If you don’t live in a doorman building and actually communicate with your laundry delivery person, the consensus is they expect $3-5 depending on the size of the wash. “In most buildings with doormen, you don’t actually see the laundry person, but if you do interact with him/her, a $2 tip is fine,” says Fitzpatrick.
Waitstaff in restaurants
NYC & Company recommends tipping 15-20% on the total bill, but waiters we spoke to seem to agree that 20% is the new standard. “Tips are where we make our money, which I’m sure everyone knows. If we’re doing our job well, we kind of expect that 20%. We have to live in New York, too,” says Sandra, a waitress with jobs in both Long Island City and Fort Greene.
“It used to be 15-20%, but 18 is the new 15,” says Fitzpatrick. “In some restaurants they recommend 25%, but that’s only for really fine-dining.”
If we’re bottom-lining it, 20% would be the base for tipping, dropping less than that if service was substandard, and going over a bit if it was really stellar. Besides, 20% is way easier to calculate on the fly.

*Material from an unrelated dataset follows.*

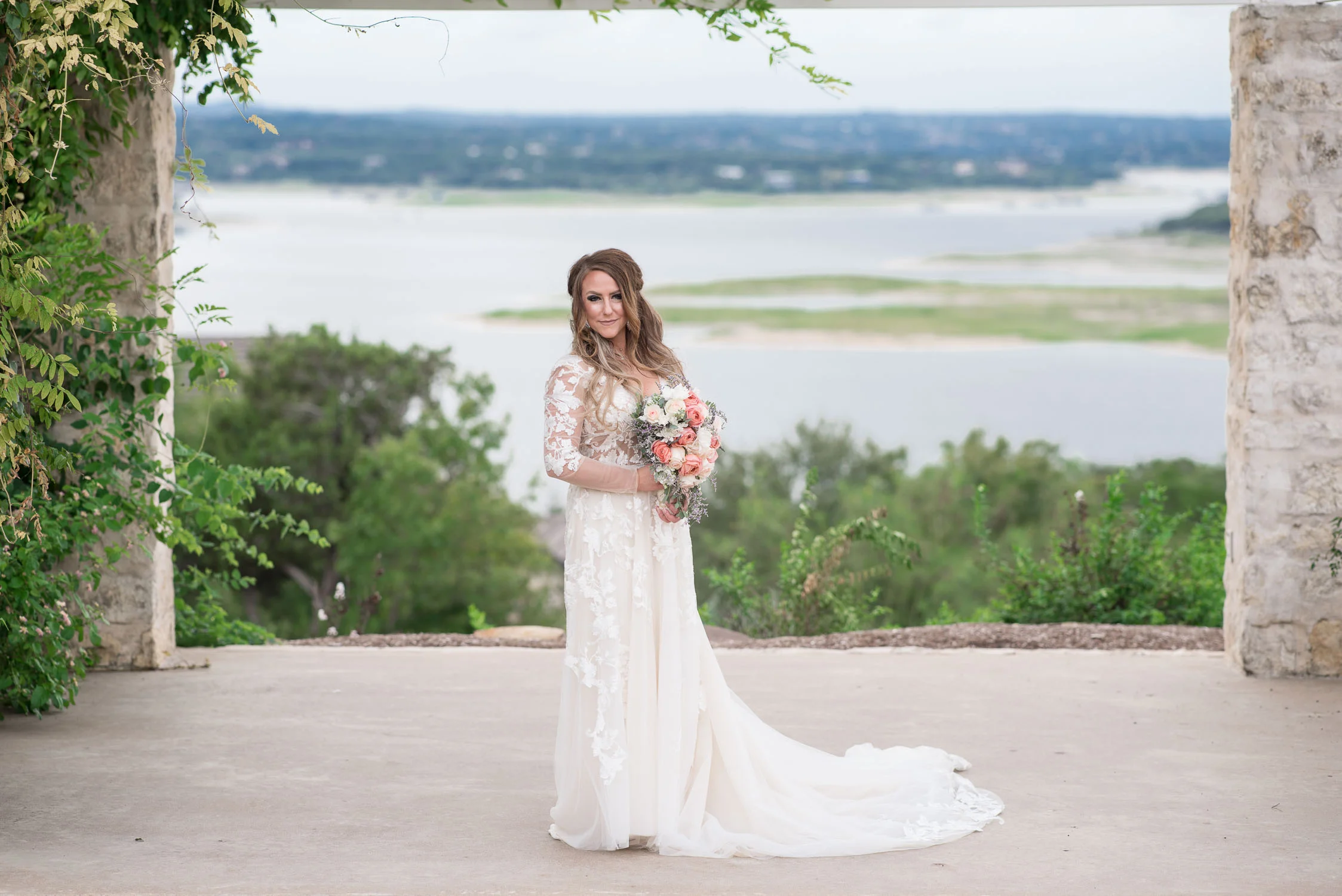 31 vintage villas bridal session.jpg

But tipping in restaurants may soon be a thing of the past. Some of the city’s most popular restaurants have implemented a no-tipping model, arguing that it’s better for the customers, staff, and business overall. Danny Meyer’s been most vocal about the benefits of no-tipping, committing to putting it into practice at all of his restaurants. Craft, Eleven Madison Park, and newcomers Momofuku Nishi and Pasquale Jones have hopped on the trend too, among others. Lois, an all-tap wine bar in the East Village has eliminated tipping as well.